Your objective:
Retype every entry exactly, down to the last character.

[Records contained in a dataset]
*** Block opens ***
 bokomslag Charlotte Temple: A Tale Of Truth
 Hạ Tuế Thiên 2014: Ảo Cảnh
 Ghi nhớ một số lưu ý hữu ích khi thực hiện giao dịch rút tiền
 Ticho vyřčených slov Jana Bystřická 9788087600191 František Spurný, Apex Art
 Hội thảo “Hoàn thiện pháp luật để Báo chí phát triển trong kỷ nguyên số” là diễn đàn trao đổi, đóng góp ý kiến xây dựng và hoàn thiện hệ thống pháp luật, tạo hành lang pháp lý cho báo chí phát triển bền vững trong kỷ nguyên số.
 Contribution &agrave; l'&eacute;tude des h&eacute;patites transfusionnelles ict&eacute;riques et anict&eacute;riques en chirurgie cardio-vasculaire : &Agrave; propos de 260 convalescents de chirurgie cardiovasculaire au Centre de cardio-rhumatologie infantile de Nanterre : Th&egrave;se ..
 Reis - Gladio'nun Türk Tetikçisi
*** Block closes ***
Completed task:
 bokomslag Charlotte Temple: A Tale Of Truth
 Hạ Tuế Thiên 2014: Ảo Cảnh
 Ghi nhớ một số lưu ý hữu ích khi thực hiện giao dịch rút tiền
 Ticho vyřčených slov Jana Bystřická 9788087600191 František Spurný, Apex Art
 Hội thảo “Hoàn thiện pháp luật để Báo chí phát triển trong kỷ nguyên số” là diễn đàn trao đổi, đóng góp ý kiến xây dựng và hoàn thiện hệ thống pháp luật, tạo hành lang pháp lý cho báo chí phát triển bền vững trong kỷ nguyên số.
 Contribution &agrave; l'&eacute;tude des h&eacute;patites transfusionnelles ict&eacute;riques et anict&eacute;riques en chirurgie cardio-vasculaire : &Agrave; propos de 260 convalescents de chirurgie cardiovasculaire au Centre de cardio-rhumatologie infantile de Nanterre : Th&egrave;se ..
 Reis - Gladio'nun Türk Tetikçisi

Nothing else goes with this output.